A reader writes: Switch Hitting
A reader writes:
I have now finished the Great Spiritual Migration and I have been so moved that I have gone back to re-read Everything must Change. This morning after re-reading the story of the 21 leaders in South Africa I realized something so clearly…Let me tell you a brief story.When I was young I played baseball. I was an average player, nothing special, just a part of the team. Like most people I hit right handed. But, inside me I believed that I could be a switch hitter. I had tried hitting left handed when practicing with a few friends. I had hit the ball, so I knew it was possible.
I had been hesitant to try hitting left handed in a game since I knew everyone would say what are you doing, you don’t hit left handed, you hit right handed. Then one day I just decided to do it. I stood in the batters box and on the first pitch I swung and missed. I was waiting for the manager to call time out or yell turn and bat from the right side, but he didn’t. The second pitch was a ball, then on the third pitch I swung and missed again. Guys were yelling from the dugout, what are you doing. The next pitch came, I swung and drove the ball just over the first baseman’s head into right field. I stood on first base and looked back at the dugout, instead of yelling the guys in the dugout all were just staring at me. It didn’t matter to me what they were thinking, I had just hit a single, left handed.
I think I knew better than to try again that game, but a couple weeks later we needed to move a runner to third base and I was up. I walked up to the left side of the plate. Again, I heard guys in the dugout yelling what is he doing, he’ll make an out. On the third pitch, I drove the ball just inside of the first base bag, and into the right field corner. I pulled into second base with a double, scoring the runner from first.
After the game the manager came up to me and said, “I had no idea you could hit left handed, we need to work on this, help you to get better.” He had never said that about hitting right handed. That day I became a switch hitter.

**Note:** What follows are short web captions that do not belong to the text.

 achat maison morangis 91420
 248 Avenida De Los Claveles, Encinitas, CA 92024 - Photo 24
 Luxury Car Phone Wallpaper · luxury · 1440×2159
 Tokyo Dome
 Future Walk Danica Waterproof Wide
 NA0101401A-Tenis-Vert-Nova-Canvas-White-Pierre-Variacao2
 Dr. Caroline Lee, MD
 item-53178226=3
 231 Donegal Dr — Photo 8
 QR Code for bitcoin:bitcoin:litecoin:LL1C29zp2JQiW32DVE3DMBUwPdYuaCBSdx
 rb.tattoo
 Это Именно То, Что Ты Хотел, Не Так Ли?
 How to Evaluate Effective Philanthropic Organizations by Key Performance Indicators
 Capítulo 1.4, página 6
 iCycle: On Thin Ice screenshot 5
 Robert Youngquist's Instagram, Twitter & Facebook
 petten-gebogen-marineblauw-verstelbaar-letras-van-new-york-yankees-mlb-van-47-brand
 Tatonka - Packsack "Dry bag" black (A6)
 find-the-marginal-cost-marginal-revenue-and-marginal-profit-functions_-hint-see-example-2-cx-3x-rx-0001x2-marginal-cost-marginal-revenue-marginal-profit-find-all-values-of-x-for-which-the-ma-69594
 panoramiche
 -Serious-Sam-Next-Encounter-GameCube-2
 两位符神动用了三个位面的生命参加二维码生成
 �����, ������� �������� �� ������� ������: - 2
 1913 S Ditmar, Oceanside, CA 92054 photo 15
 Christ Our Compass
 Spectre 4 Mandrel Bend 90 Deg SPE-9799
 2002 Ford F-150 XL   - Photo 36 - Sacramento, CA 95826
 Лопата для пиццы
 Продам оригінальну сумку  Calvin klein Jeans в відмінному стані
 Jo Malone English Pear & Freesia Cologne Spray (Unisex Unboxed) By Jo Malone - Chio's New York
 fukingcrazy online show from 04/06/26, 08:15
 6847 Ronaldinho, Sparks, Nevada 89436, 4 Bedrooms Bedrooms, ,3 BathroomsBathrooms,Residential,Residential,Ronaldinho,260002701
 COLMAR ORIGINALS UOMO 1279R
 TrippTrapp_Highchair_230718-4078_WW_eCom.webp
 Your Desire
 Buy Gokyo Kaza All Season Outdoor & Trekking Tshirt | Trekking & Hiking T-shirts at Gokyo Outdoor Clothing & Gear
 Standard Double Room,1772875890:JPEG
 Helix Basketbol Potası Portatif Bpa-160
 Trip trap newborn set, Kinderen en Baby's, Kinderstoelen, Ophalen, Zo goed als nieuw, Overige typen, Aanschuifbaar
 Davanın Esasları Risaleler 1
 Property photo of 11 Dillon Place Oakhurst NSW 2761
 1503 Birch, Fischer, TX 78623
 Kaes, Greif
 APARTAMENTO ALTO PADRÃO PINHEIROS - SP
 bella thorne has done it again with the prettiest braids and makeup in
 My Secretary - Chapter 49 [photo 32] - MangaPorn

The church is like most hitters, it bats right handed. For the most part it does so because that is what it has always done. There may be a few people who want to try to hit left handed, but they know the response from the congregation would be, what are you doing, we hit right handed.
I believe that there are some people in congregations who know, like I knew, that they can hit left-handed and want badly to try. And I think a few have even tried, but it is hard to hang in there when everyone is cheering against you. What is desperately needed are a few pastors and leaders who are willing to say, I had no idea you could hit left handed, we need to work on this, help you get better. If that happened then we would start to see people who are already good right handed hitters, start to bat left handed more often. Then when others saw that it was possible they might try, and in time, more and more of our churches would be filled with people who were switch hitters and had the capacity to spread the good news in ways that better connected with the game situations of life.
Today, I have recommitted to being a better left-handed batter, may it be so for the gospel’s sake.
Thanks for this encouraging note and beautiful real-life parable. I hope it will inspire many.